[EXCERPTED DATA]
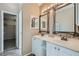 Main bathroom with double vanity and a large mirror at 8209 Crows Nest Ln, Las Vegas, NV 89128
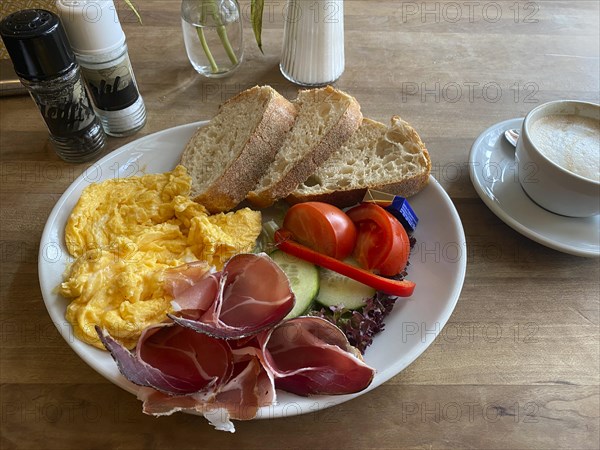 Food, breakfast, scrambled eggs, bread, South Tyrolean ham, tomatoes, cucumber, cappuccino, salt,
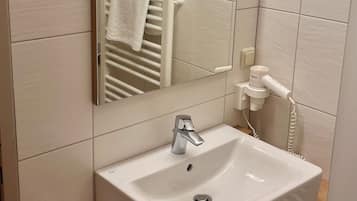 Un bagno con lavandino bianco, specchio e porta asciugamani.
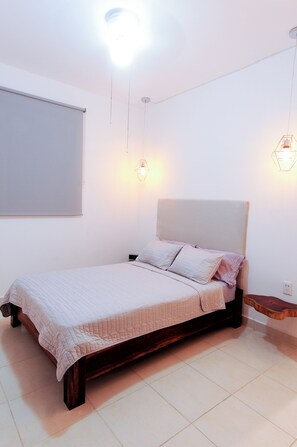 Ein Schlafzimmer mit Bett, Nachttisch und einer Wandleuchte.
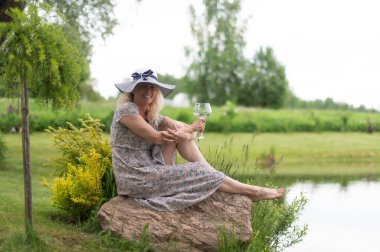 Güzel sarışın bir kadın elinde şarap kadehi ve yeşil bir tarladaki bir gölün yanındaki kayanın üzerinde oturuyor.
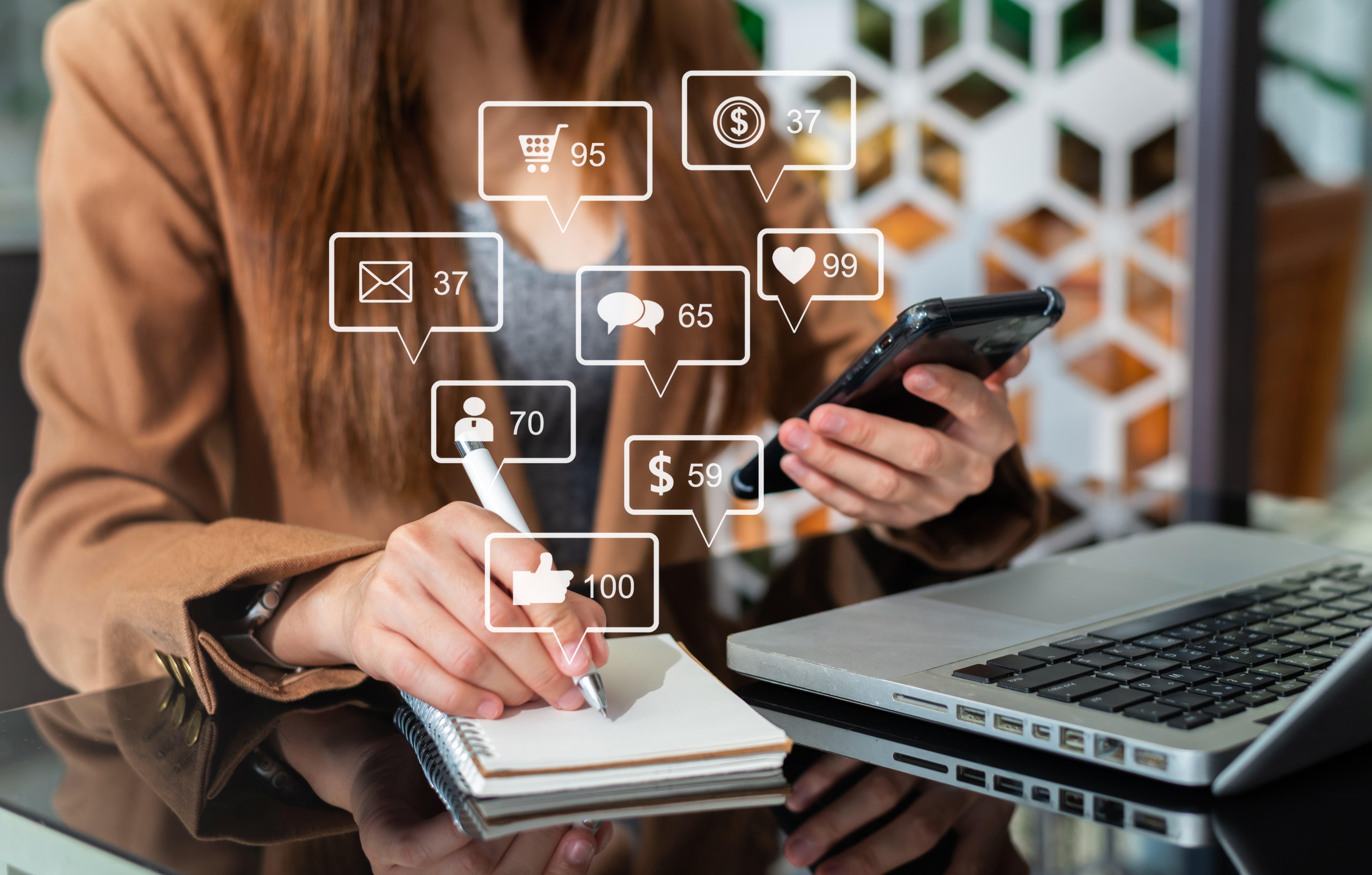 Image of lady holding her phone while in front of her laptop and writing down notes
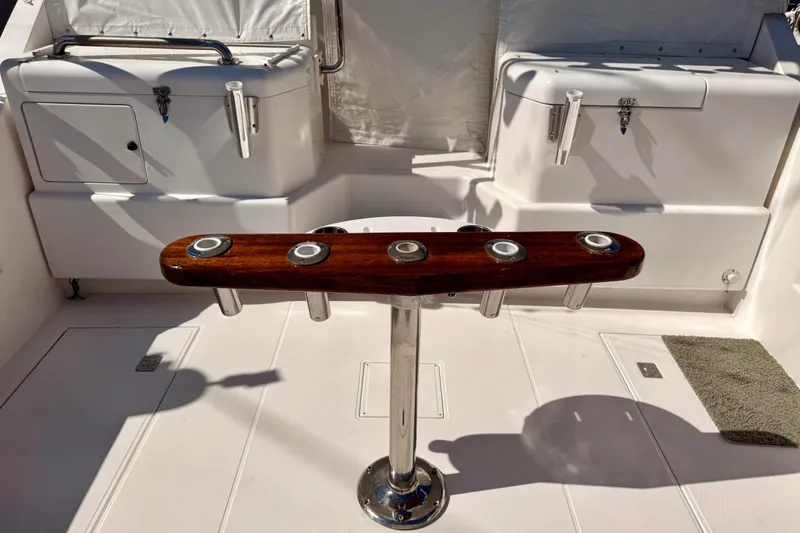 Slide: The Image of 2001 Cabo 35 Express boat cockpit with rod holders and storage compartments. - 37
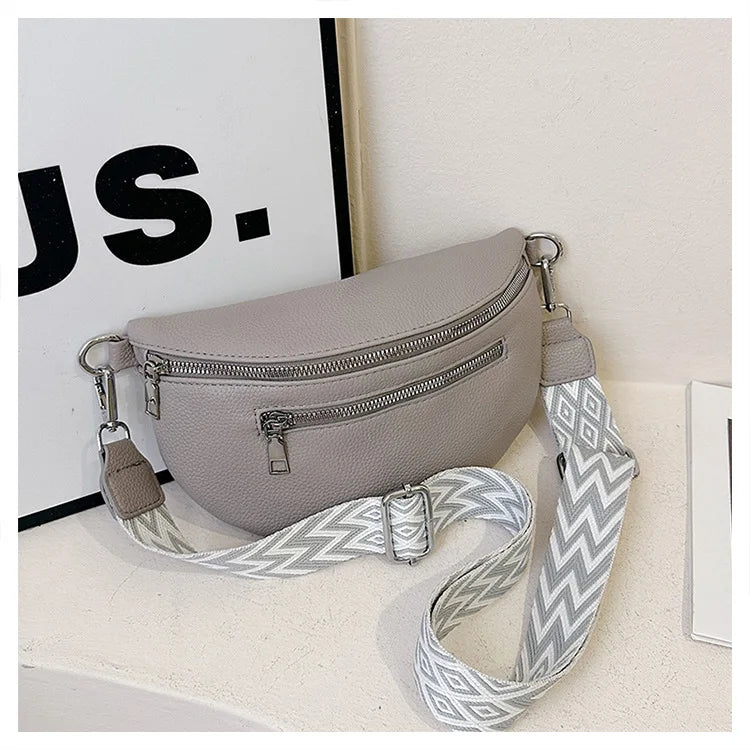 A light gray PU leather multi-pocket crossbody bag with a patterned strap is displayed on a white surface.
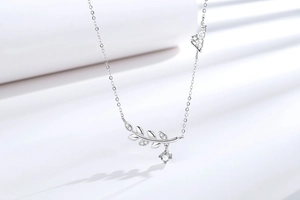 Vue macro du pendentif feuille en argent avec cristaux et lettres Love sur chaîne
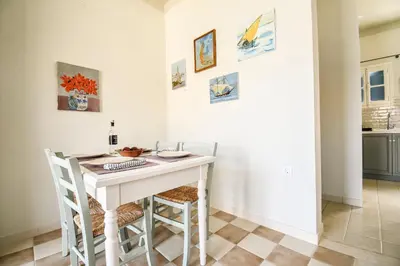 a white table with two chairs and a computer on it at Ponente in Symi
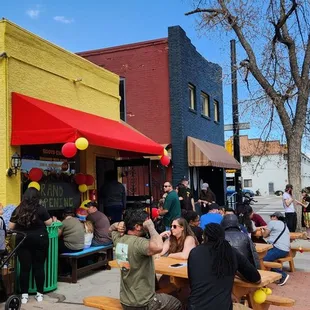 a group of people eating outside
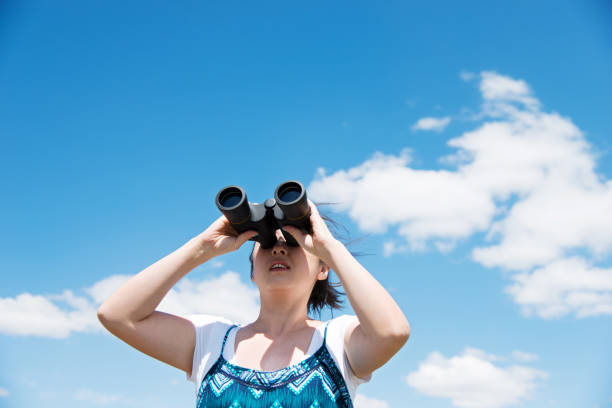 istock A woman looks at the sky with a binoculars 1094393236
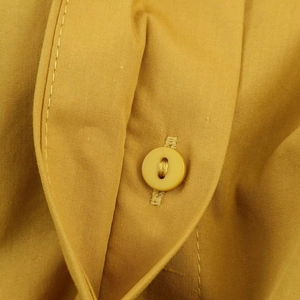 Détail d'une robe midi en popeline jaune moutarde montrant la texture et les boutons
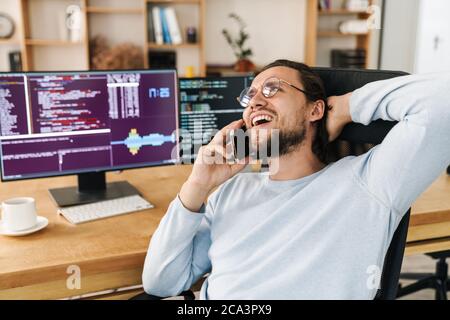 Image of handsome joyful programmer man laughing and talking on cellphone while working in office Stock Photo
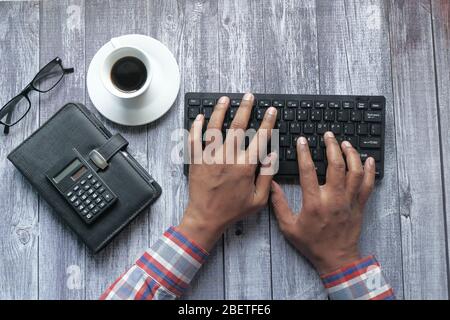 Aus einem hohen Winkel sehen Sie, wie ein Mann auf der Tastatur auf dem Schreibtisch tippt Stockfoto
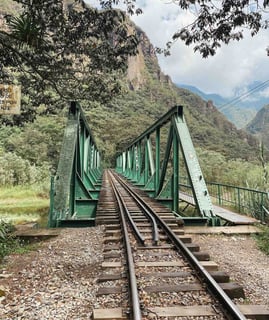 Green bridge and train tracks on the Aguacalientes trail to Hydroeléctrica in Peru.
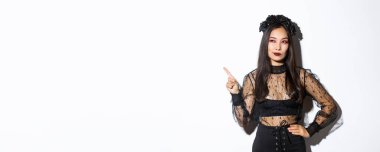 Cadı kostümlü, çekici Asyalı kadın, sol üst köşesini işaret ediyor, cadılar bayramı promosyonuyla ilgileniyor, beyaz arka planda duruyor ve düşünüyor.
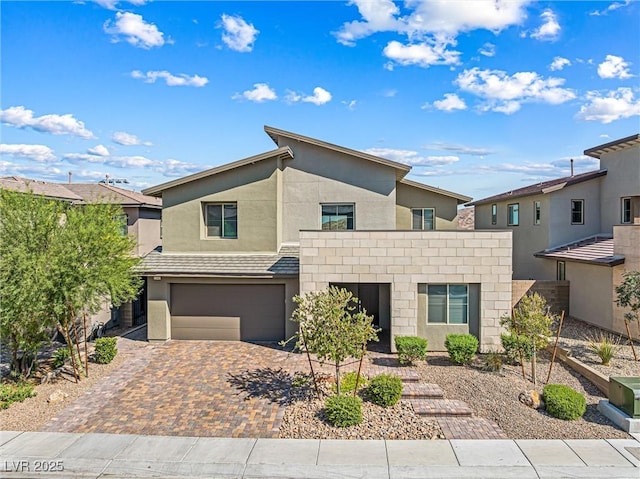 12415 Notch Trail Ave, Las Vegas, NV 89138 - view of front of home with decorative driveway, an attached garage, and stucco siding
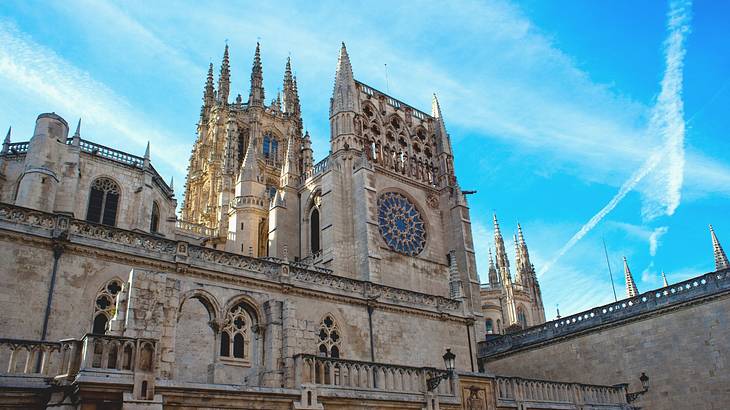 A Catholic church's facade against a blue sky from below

[WHAT TO PRODUCE] Repeat exactly the lines in the entries from the one containing "Image of handsome" to the final line, inclusive, and nothing beyond them; skip pictures.

[RESULT]
 Image of handsome joyful programmer man laughing and talking on cellphone while working in office Stock Photo
 Aus einem hohen Winkel sehen Sie, wie ein Mann auf der Tastatur auf dem Schreibtisch tippt Stockfoto
 Green bridge and train tracks on the Aguacalientes trail to Hydroeléctrica in Peru.
 Cadı kostümlü, çekici Asyalı kadın, sol üst köşesini işaret ediyor, cadılar bayramı promosyonuyla ilgileniyor, beyaz arka planda duruyor ve düşünüyor.
 12415 Notch Trail Ave, Las Vegas, NV 89138 - view of front of home with decorative driveway, an attached garage, and stucco siding
 A Catholic church's facade against a blue sky from below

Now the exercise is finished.